The fore-and-aft left-and-right layout of the Dickinsonia species meant that they had an internal coordinate system with which to reference the headings (directions) of sensations of the environment, and reactions to it in the form of motions.
It is probable (that is to say my uneducated guess) that they ingested nutrients by absorbing them (sucking them up) through their undersides from the algal mats they skimmed over in the sunlit shallows of Precambrian seas.
They could have moved straight ahead by alternately expanding the forward part of their bodies while contracting the rear, then contracting the forward segments (between the hyperbolas) while expending the rear ones, to produce a wave-like forward motion. Clearly, some point of contact would be necessary with the surface below Dickinsonia in order to gain traction for motion. Another possibility for motion would be an oscillation of the (nearly) elliptical bounding edge of the body into a wave-train that moved from head to tail (fore to aft), as a flounder, sea ray or skate does today.

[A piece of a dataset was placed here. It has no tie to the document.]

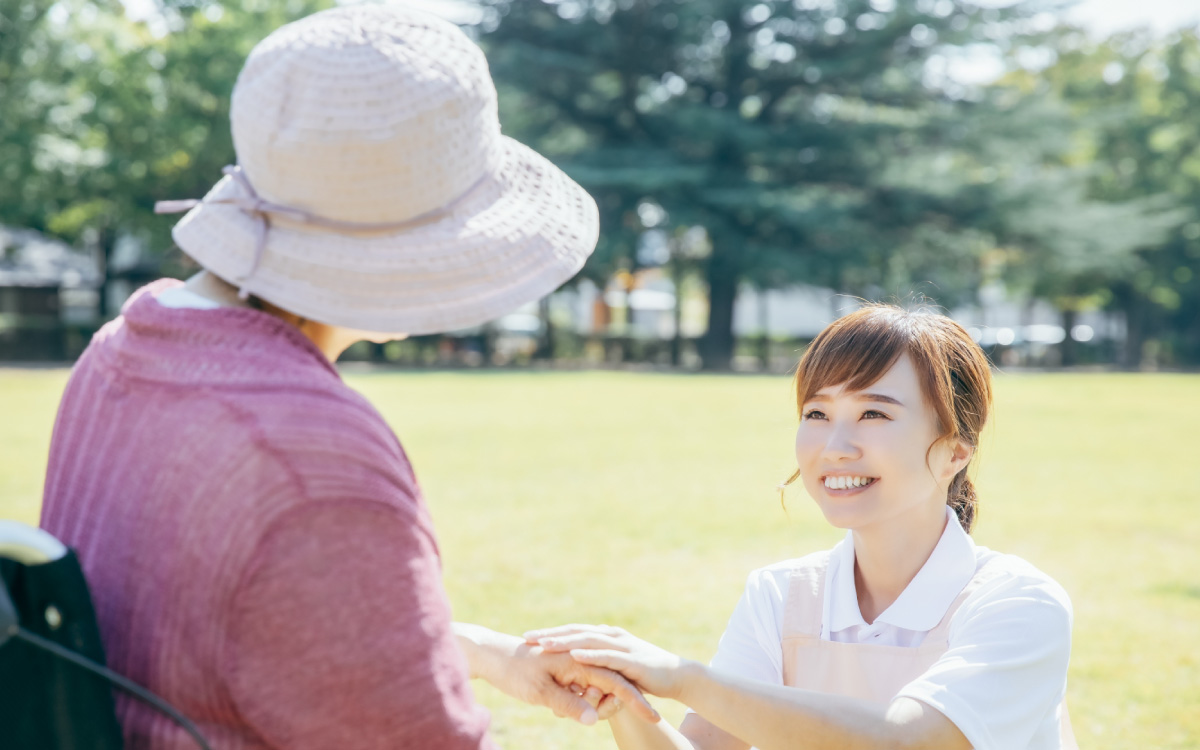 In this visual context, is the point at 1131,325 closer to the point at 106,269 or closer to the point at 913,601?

Paleontologists have speculated that the Dickinsonia segments between hyperbolas were filled to overpressure with fluid (compared to the seawater exterior), so it is reasonable to speculate that these inter-hyperbola segments were plenums whose volumes (and widths) were modulated hydrostatically, for forward motion and for turning. A left turn could be effected by expanding the forward right side while contracting the forward left side, and simultaneously contracting the aft right side while expanding the aft left side. A right turn would require the opposite pattern of contractions and expansions.
It is possible that improvements in responsiveness and maneuverability were gained through evolution by collapsing an earlier cylindrically symmetric planform into the fore-and-aft left-and-right planform of the ‘strip electrode’ Dickinsonia organisms. If so, then Nature has made elegant use of the conformal mapping of a circular center of life into a linear one.